= Task requirements =
Keep the pictures out while you transcribe the listing below exactly.

= Listed entries =
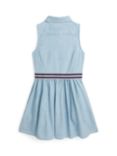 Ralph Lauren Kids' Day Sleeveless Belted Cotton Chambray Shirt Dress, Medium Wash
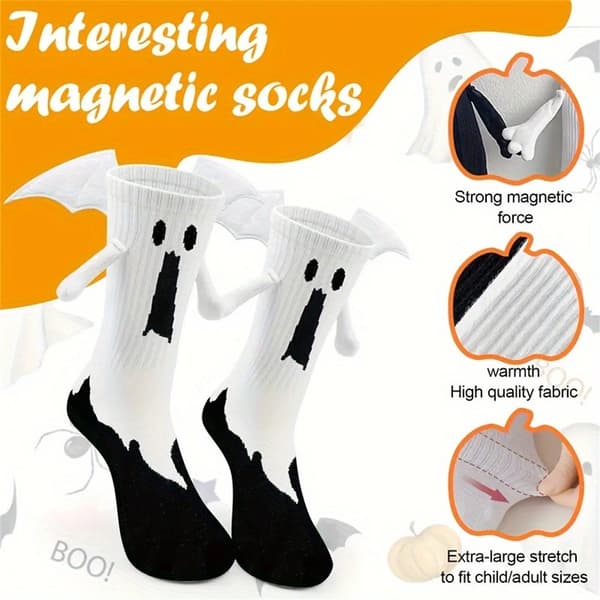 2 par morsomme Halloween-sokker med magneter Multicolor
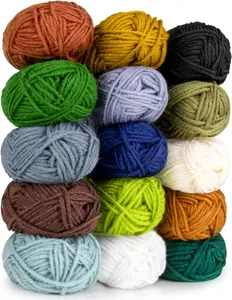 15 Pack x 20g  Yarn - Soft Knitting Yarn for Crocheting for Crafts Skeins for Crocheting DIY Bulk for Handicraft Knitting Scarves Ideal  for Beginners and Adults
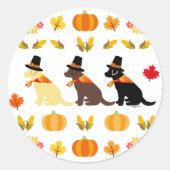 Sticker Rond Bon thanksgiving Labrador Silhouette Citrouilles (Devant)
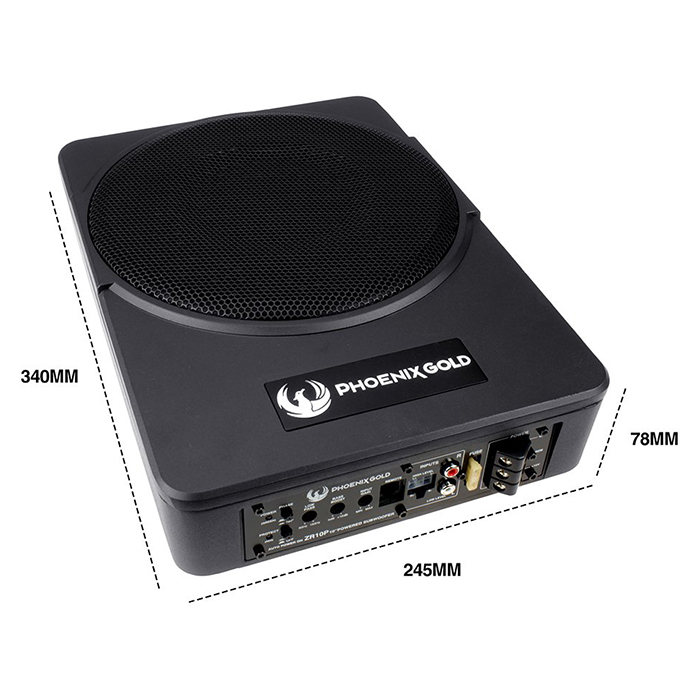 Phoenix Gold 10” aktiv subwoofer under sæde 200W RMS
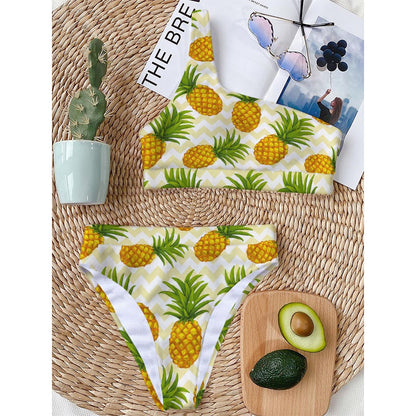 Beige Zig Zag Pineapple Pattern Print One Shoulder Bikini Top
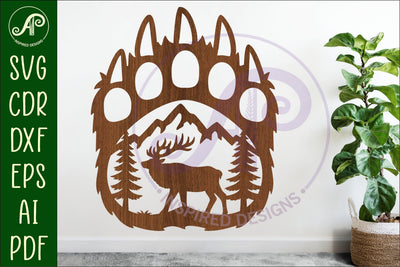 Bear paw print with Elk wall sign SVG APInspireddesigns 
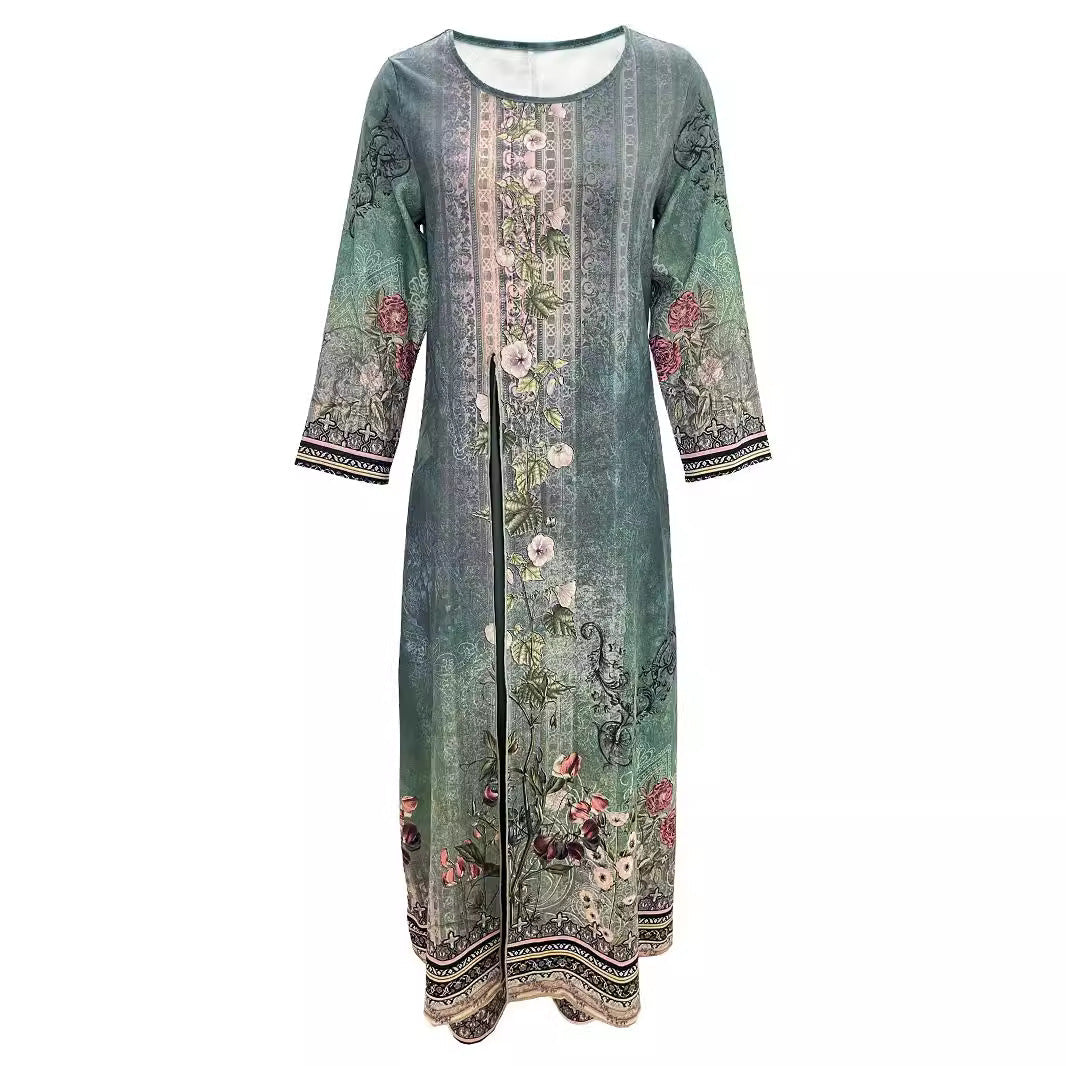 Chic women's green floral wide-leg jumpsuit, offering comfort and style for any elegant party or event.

= Problem solution =
 Ralph Lauren Kids' Day Sleeveless Belted Cotton Chambray Shirt Dress, Medium Wash
 2 par morsomme Halloween-sokker med magneter Multicolor
 15 Pack x 20g  Yarn - Soft Knitting Yarn for Crocheting for Crafts Skeins for Crocheting DIY Bulk for Handicraft Knitting Scarves Ideal  for Beginners and Adults
 Sticker Rond Bon thanksgiving Labrador Silhouette Citrouilles (Devant)
 Phoenix Gold 10” aktiv subwoofer under sæde 200W RMS
 Beige Zig Zag Pineapple Pattern Print One Shoulder Bikini Top
 Bear paw print with Elk wall sign SVG APInspireddesigns 
 Chic women's green floral wide-leg jumpsuit, offering comfort and style for any elegant party or event.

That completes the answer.